ENTRIES PROVIDED below:

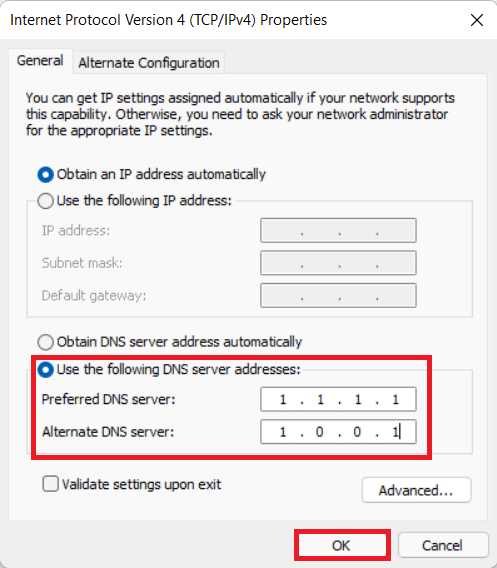 Server DNS personalizzato | come bypassare il firewall della scuola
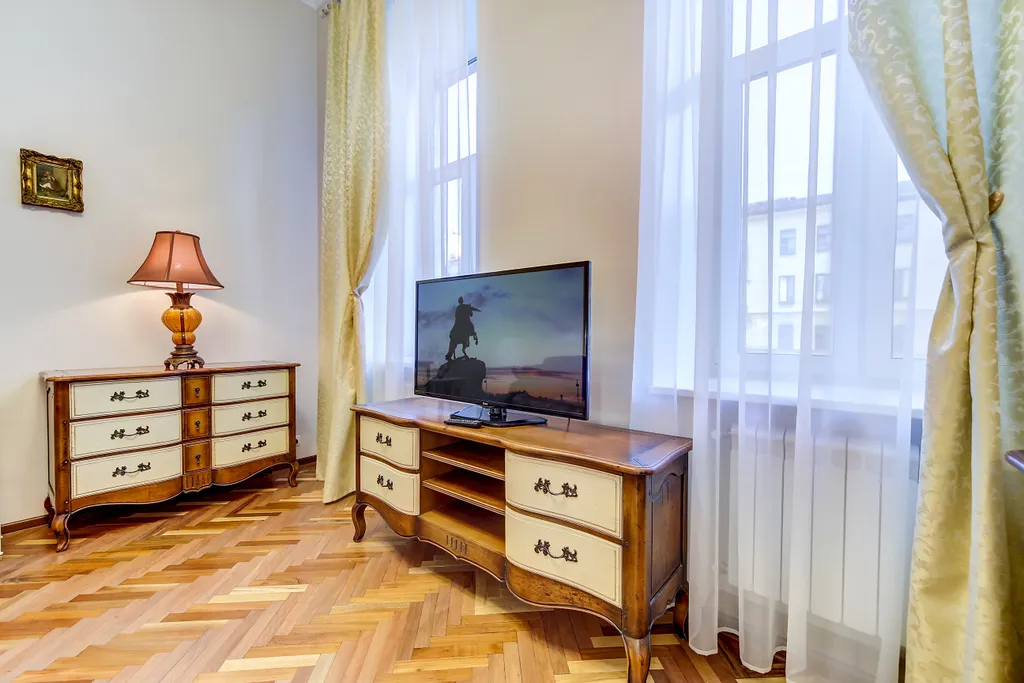 Ryss Apts у Летнего сада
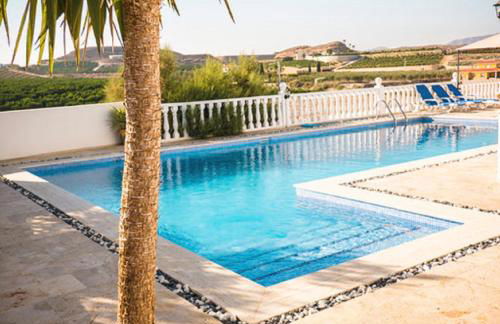 Private villa large pool elevated quiet secluded location, near Mojacar - Foto 21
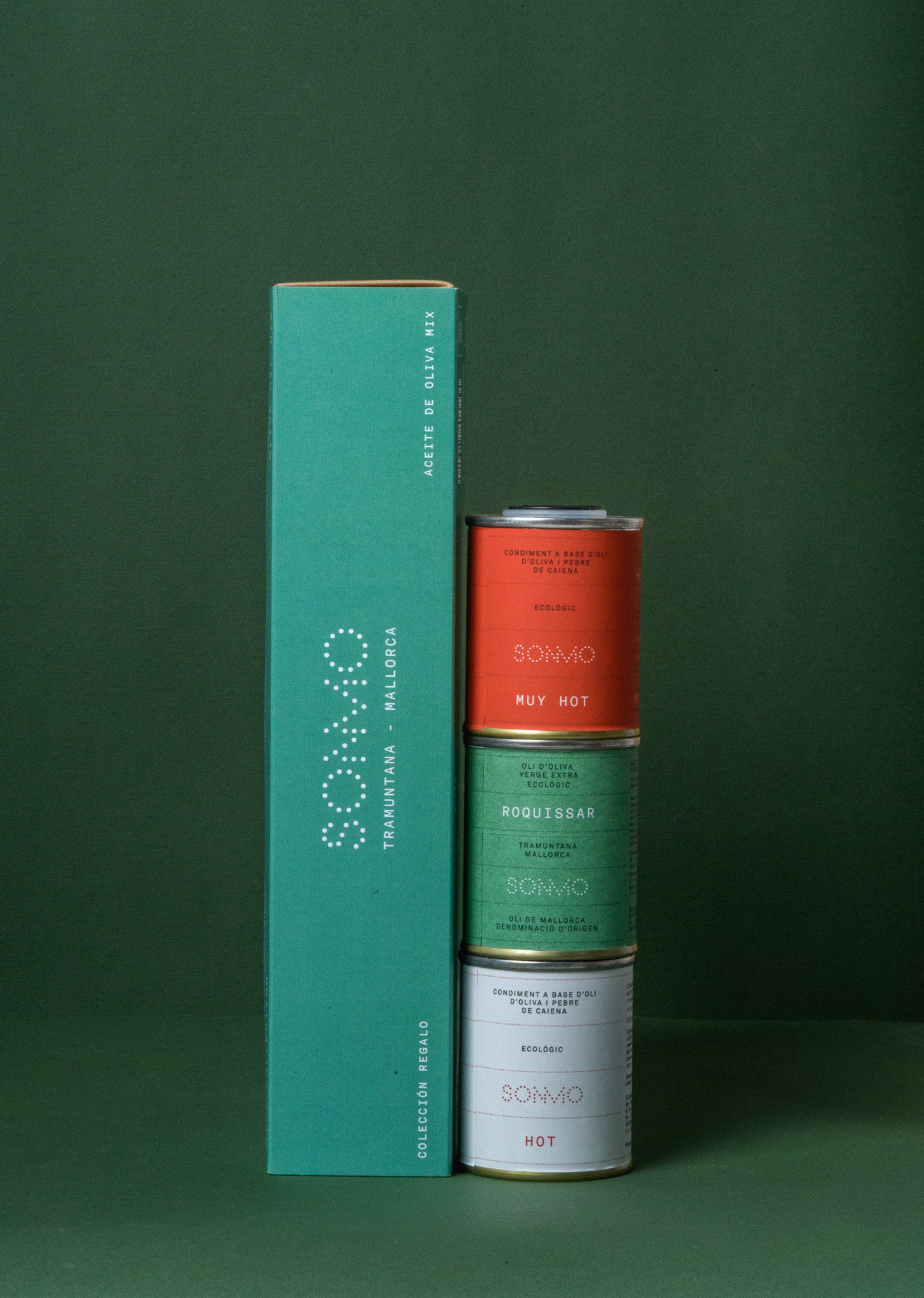 GIFT COLLECTION: MIX ACEITE DE OLIVA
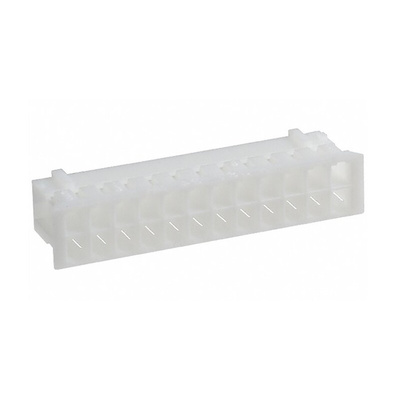 JST, PHD Female Connector Housing, 2mm Pitch, 26 Way, 2 Row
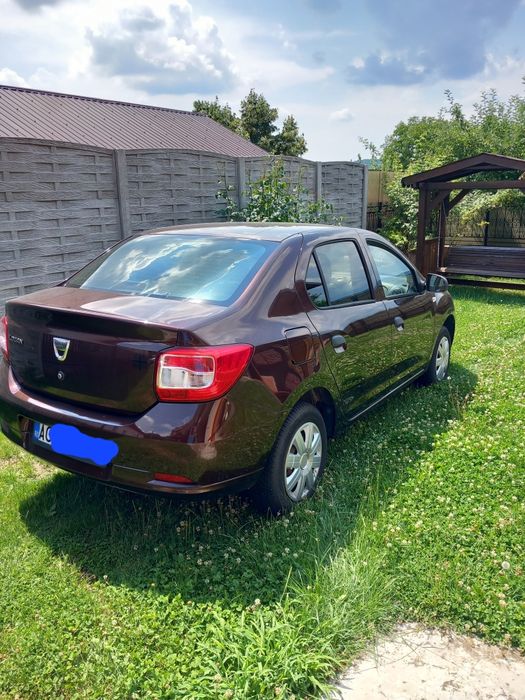 DACIA Logan 2017 — imagine 5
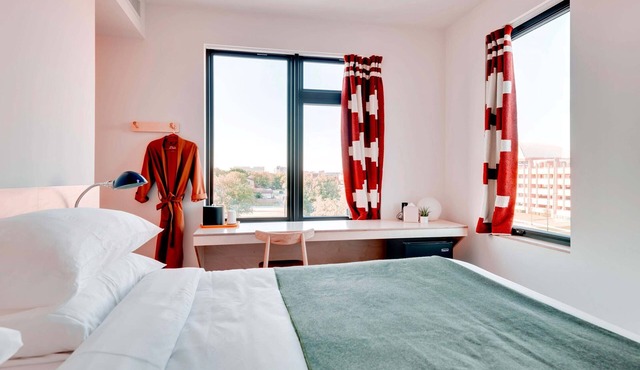 Hotel Dryce in Fort Worth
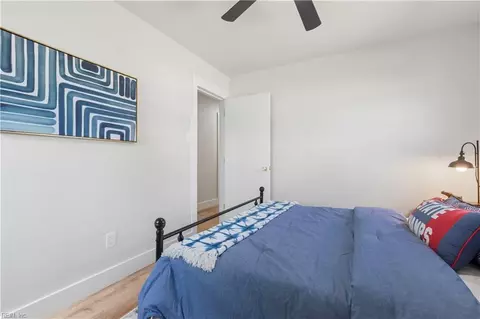 Bedroom - 807 Morris St, Hampton, VA 23663 photo 6 of 8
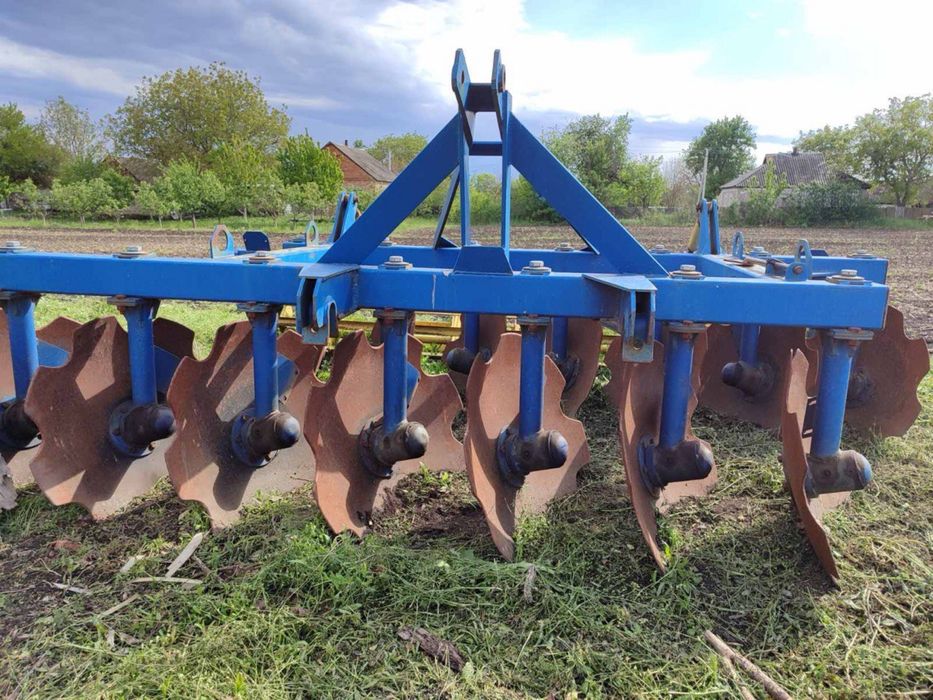 Борона дискова Агд-2.5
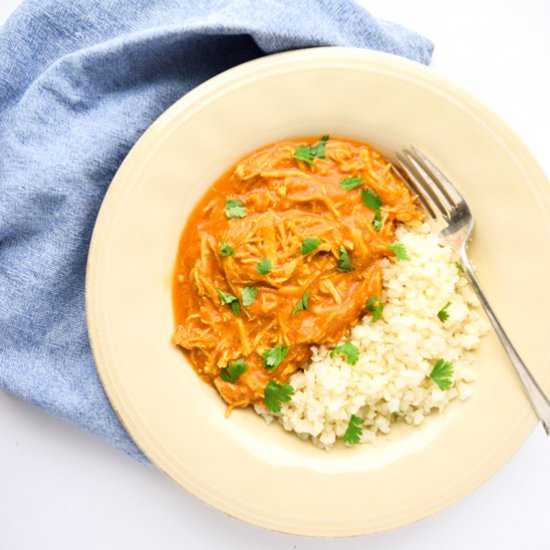 Instant Pot Chicken Tikka Masala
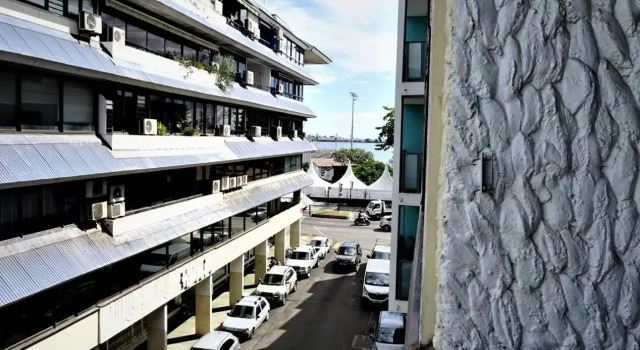 Poe Matie cosy Studio Papeete, entre Mer et Montagne, proche centre ville, Забронировать Отель Отели Таити с парковкой, Парковка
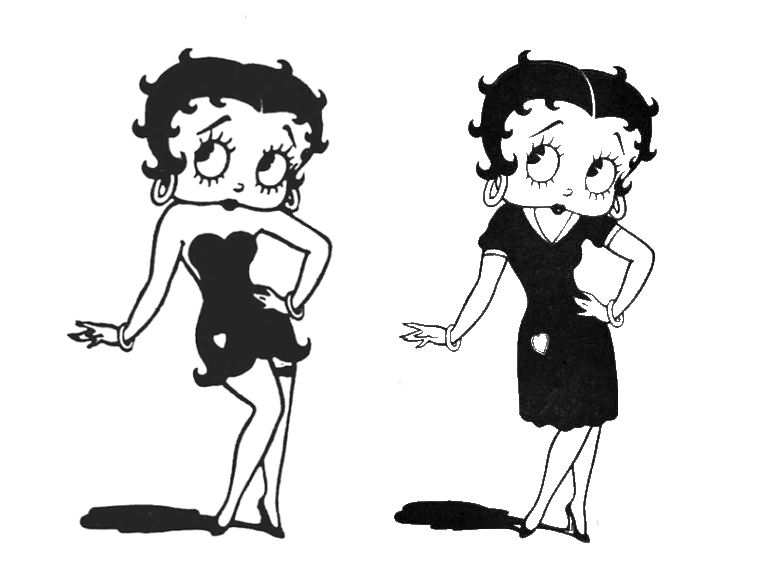 Was Betty Boop Inspired By A Black Girl?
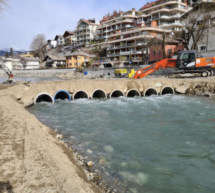 Hochwasserschutz für Brixen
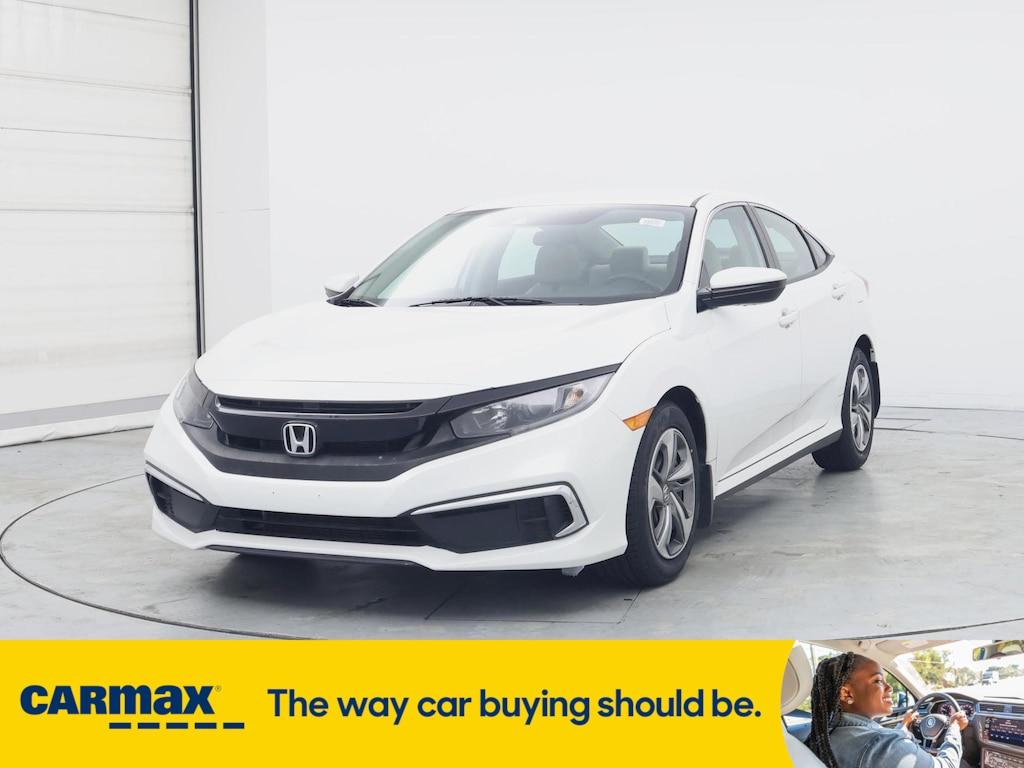 used 2019 Honda Civic car, priced at $20,998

End of ENTRIES PROVIDED.

▶ EXERCISE: All of the material above is to be retyped exactly, with no pictures included.

▶ SOLVED PROBLEM:
 Server DNS personalizzato | come bypassare il firewall della scuola
 Ryss Apts у Летнего сада
 Private villa large pool elevated quiet secluded location, near Mojacar - Foto 21
 GIFT COLLECTION: MIX ACEITE DE OLIVA
 JST, PHD Female Connector Housing, 2mm Pitch, 26 Way, 2 Row
 DACIA Logan 2017 — imagine 5
 Hotel Dryce in Fort Worth
 Bedroom - 807 Morris St, Hampton, VA 23663 photo 6 of 8
 Борона дискова Агд-2.5
 Instant Pot Chicken Tikka Masala
 Poe Matie cosy Studio Papeete, entre Mer et Montagne, proche centre ville, Забронировать Отель Отели Таити с парковкой, Парковка
 Was Betty Boop Inspired By A Black Girl?
 Hochwasserschutz für Brixen
 used 2019 Honda Civic car, priced at $20,998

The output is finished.